Closed wyp19930313 closed 3 years ago
I think that your question is out of focus of the channel vocoder, such as WORLD. For example, a target singing style (e.g., F0 contour of a professional singer) is generally useful to tune the singing voice. WORLD is effective to obtain the target singing style, but another signal processing technique is required to tune the singing style. There are several signal processing techniques for this purpose, and they are independent of the WORLD vocoder.
I can understand what you mean, thank you very much for your answers.
When I use the world vocoder, the sampling rate of the human voice is 16kHz. After the sound is decomposed and synthesized, the sound quality will be lost. I guess this is caused by the inaccurate f0 detection. How to improve the sound quality after sound decomposition and synthesis?
F0 estimation error is often observed in several causes. If the input speech is recorded in a noisy environment, it is difficult to solve the problem. Since the speech waveform is distorted, the noise reduction would not be effective. When the speech is clean, tuning parameters on the floor and ceil frequencies may improve the estimation performance. If you have used the Dio() for the F0 estimation, please use Harvest() instead of Dio().
Indeed, the effect of using Harvest() is better than Dio(). I use headphones to record on my phone, and the noise is so small that it is difficult for me to hear the noise. But the sound after decomposition and synthesis still produces some noise
When the microphone has a function for cutting the lower frequency noise, you may not estimate the accurate F0 because both F0 estimators use the fundamental component. You can examine the cause by the power spectral analysis in the whole waveform. If it is difficult for you to carry out the analysis, please give the audio file to me. I'll check the cause of the error.
Hello, thank you very much for your attention.
I change the F0 of the audio with the same code. The quality of audio 1.wav is higher and acceptable after synthesis, but the quality of audio 2.wav is poor and unacceptable after synthesis.
My question:
Thank you for your help.
Appendix 1、Audio file demo.zip
2、My python3 code.
import librosa
import pyworld as pw
import numpy as np
if __name__ == '__main__':
infile = '1.wav'
out_file = f'tune_{infile}'
data, sr = librosa.load(infile, sr=16000, dtype=np.float64)
f0, t = pw.harvest(data, sr, f0_floor=71, f0_ceil=800, frame_period=5)
sp = pw.cheaptrick(data, f0, t, sr)
ap = pw.d4c(data, f0, t, sr)
pyworld_data = pw.synthesize(f0 * 1.5, sp, ap, sr, frame_period=5)

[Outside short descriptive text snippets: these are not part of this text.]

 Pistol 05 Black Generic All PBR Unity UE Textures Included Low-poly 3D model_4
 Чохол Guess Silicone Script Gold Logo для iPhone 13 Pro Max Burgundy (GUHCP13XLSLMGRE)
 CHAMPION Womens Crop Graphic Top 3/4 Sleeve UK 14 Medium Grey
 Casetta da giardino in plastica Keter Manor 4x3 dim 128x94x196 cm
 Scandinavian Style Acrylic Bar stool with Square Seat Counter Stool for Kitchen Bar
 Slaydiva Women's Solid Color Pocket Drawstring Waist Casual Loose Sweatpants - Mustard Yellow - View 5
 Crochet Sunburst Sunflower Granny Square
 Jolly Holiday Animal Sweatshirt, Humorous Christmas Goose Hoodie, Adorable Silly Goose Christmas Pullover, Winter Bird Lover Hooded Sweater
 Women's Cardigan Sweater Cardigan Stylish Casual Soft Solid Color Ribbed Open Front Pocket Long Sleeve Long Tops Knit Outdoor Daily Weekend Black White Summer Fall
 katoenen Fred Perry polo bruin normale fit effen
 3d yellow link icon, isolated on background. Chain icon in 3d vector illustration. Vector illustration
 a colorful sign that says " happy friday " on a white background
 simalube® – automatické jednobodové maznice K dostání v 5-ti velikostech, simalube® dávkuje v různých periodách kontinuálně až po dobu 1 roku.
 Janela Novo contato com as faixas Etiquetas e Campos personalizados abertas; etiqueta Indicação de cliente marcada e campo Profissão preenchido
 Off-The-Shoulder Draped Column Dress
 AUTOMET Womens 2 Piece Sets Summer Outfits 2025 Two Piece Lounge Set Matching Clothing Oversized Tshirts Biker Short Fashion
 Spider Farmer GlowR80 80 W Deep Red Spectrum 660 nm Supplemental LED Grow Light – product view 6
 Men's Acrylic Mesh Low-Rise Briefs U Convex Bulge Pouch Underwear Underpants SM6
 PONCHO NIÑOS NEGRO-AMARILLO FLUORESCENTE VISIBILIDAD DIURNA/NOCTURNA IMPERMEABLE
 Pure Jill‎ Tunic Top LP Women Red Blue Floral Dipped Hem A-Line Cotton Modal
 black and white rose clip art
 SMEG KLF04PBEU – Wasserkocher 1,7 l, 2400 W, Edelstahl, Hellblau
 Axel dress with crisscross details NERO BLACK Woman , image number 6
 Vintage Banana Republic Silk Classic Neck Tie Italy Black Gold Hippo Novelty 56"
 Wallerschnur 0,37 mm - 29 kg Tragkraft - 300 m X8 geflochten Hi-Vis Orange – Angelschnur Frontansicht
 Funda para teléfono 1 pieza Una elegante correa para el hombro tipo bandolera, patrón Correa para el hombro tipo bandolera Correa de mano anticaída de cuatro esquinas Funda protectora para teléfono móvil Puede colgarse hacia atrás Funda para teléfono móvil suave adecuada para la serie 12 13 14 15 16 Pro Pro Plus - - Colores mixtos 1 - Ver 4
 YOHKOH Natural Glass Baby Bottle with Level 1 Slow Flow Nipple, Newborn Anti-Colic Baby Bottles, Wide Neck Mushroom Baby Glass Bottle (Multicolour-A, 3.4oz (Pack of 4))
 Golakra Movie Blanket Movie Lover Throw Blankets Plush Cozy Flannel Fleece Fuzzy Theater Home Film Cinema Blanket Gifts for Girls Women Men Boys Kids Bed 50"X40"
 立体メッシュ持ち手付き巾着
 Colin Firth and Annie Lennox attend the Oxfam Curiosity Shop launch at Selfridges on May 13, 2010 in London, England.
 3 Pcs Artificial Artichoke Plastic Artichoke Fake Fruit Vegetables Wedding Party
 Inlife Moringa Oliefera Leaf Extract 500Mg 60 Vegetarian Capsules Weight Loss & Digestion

librosa.output.write_wav(out_file, pyworld_data, sr)
I checked the audio file. In the attached figure, it is difficult to analyze the waveform because the temporal interval between vocal cord vibration is unstable. The vocoder cannot extract F0, and the analysis algorithm estimates that it is the unvoiced section. In the vocoder-based algorithm, this is an unsolvable problem. And, since this repository is WORLD of C++ version, please see the pyworld repository If you want to require the python information.
Therefore, after the sound is decomposed and synthesized, the sound quality is reduced. Is it due to the error in the F0 estimation?
Yes. There are several causes in the F0 estimation error. For example, when the voiced section is wrongly estimated as the unvoiced section, the sound quality of synthesized speech is fatally degraded.
When I use this algorithm to tune the singing voice, the synthesized sound quality is a bit poor. How to improve the quality of the generated sound to achieve the effect of software such as Autotune or ChangBa (an intelligent tune music software,唱吧)?